Forbes Technology Council

Co-founder and CEO of Windward (Lon: WNWD), AI entrepreneur.

Machine learning (ML) and artificial intelligence (AI) have almost become buzzwords at this point, but what do they really mean? On the simplest level, they are basically software that can learn from previous data and then offer predictions on the future.

Vertical software is designed for a specific industry or domain. In the maritime industry, for example, vertical software would fuse shipping and AI expertise to optimize shipping routes and make informed decisions. This is called maritime AI.

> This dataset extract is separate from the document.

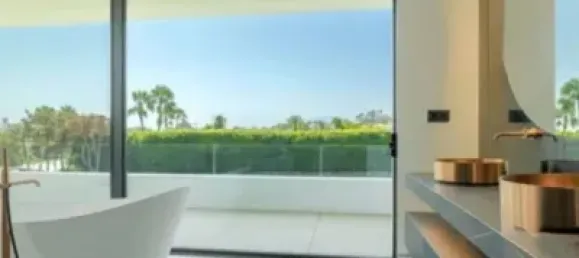 3 bedrooms Villa in Marbella, Spain No. 140379 11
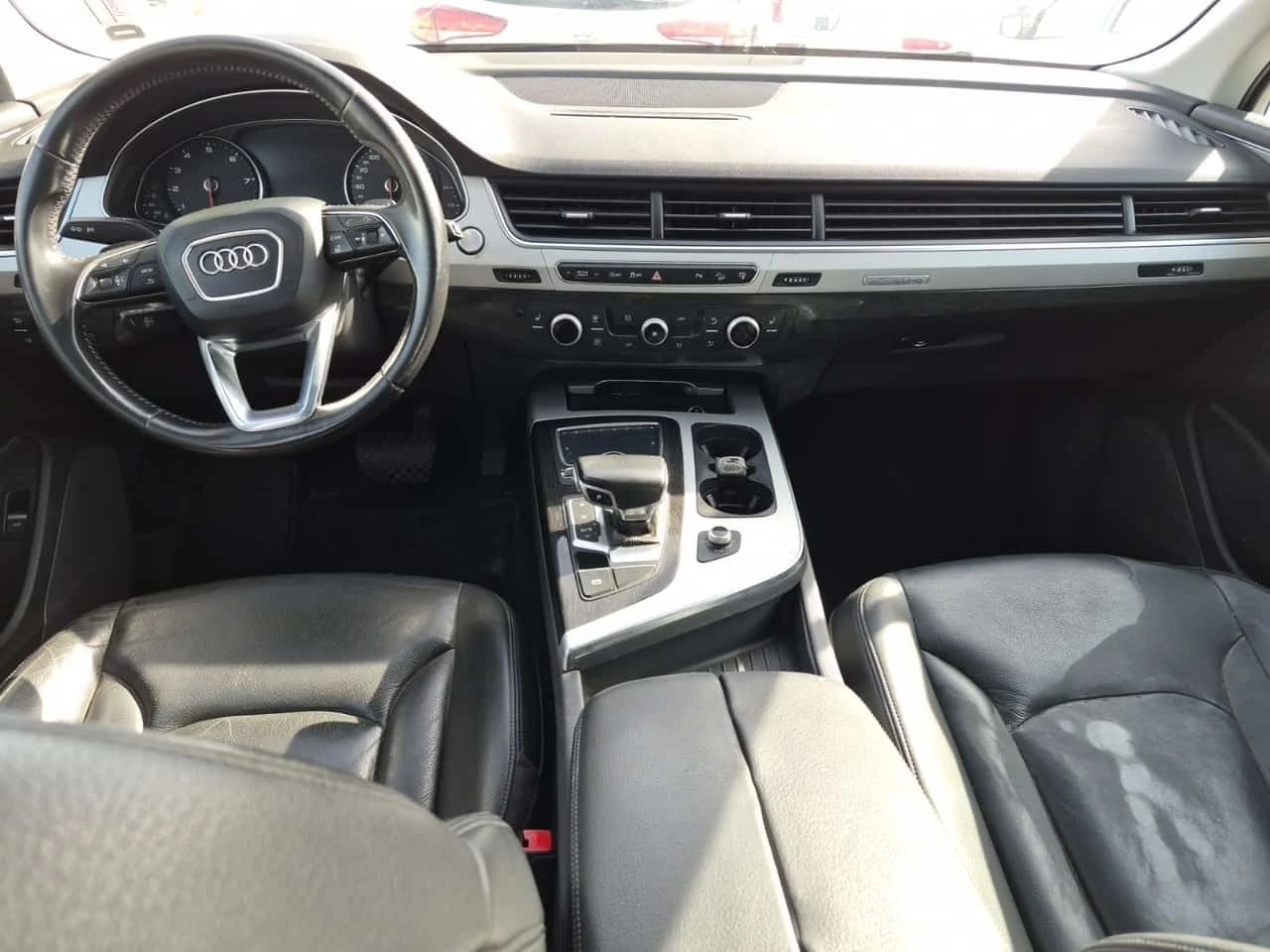 Audi Q7 * 3.0T KOMFORT * CARFAX * ЦЕНА ДО БГ, снимка 6 - Автомобили и джипове - 56183776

How accurate are machine learning and artificial intelligence when it comes to vertical software? The data shows that if the data pool is deep enough and the models are being trained (retrained, actually) often, prediction accuracy significantly increases when compared with the predictions of ML and AI solutions that are not meeting those requirements.

The Quality Of The Input Determines The Outcome

An AI model, whether it uses machine or deep learning, is initially only as good as the data used for training during the early stages. The model will look at a huge amount of data and learn different patterns and behaviors to predict future behavior.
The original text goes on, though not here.